私はこの話を読んで、世間で立派な人でもそういう「いけないこと」をしたことがあるんだと思って、ほっとしたような気持ちになったことを覚えています。
自分の犯した過ちを語ることができるというのは、とても勇気がいることでしょう。でもそれを反省した気持ちがありつつ発信したのであれば、きっとそういう気持ちを抱いている人を思いとどまらせる効果もあるように思うのです。
立派に思える人間でも過ちを犯すことがあると知っていたり、清廉潔白そうな大人にも「間違い」があったことがあると、寧ろ「ちゃんとしなくちゃ」というガチガチに固まった心がすこしほぐれるような気もするのです。(もちろん、悪いことはしてはいけませんが)
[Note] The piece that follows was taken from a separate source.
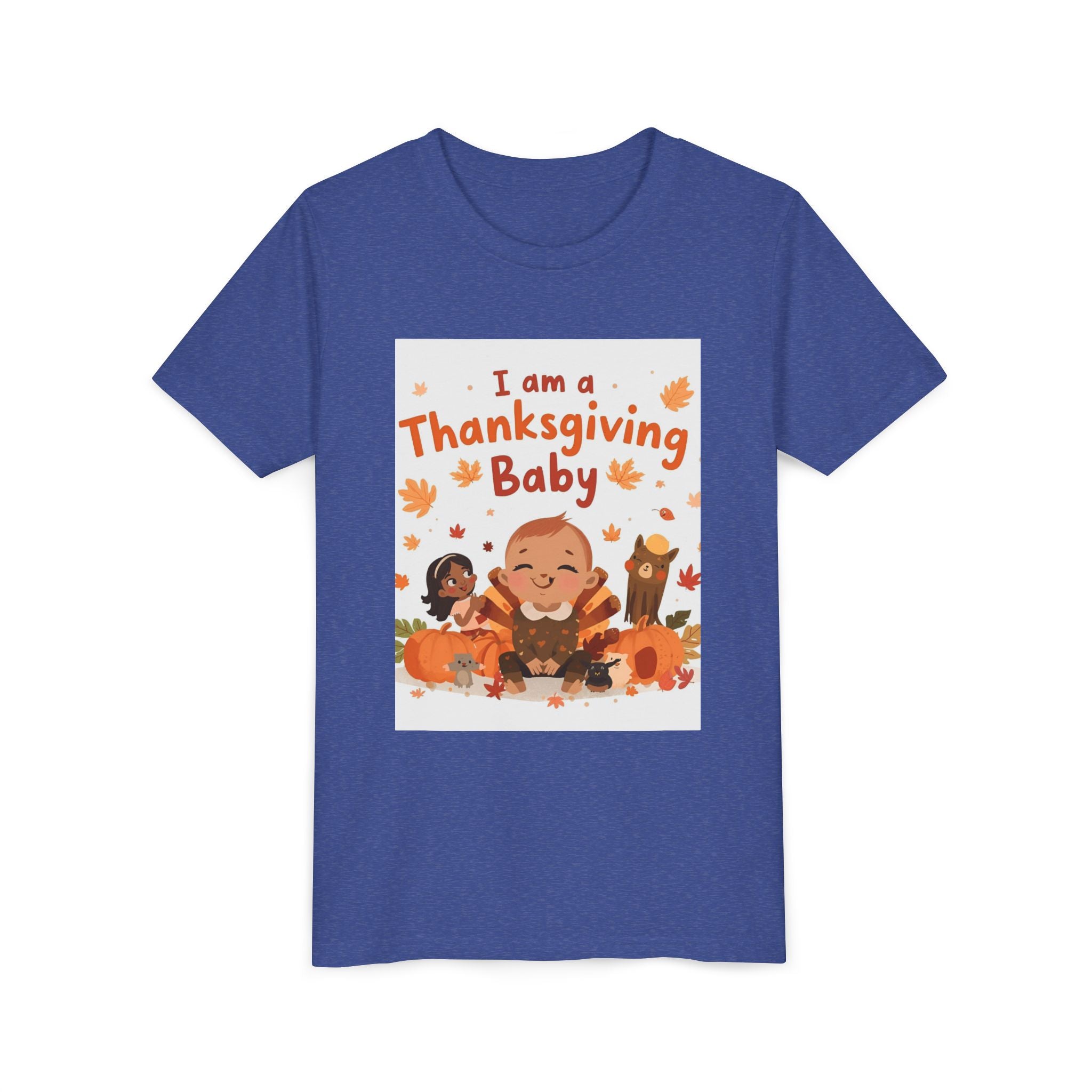 I Am A Thanksgiving Baby Youth Short Sleeve Tee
あとは、間違いを反省できる大人は信頼できるなと、私は思います。
『私の懺悔録』に書かれた出来事は、作者さんのなかでずっと反省すべきこととして心の中にあるのだと思います。きっと「しなきゃよかった」と思っていることでしょう。しかしその気持ちは、作者さんの心の隅にずっとあって、人生の中で活かされているんじゃないかなと思いますし、読んだ人の心に温かな光を与えてくれるようにも思います。
今日は『私の懺悔録』をご紹介しました。
それでは次回、またお会いしましょう。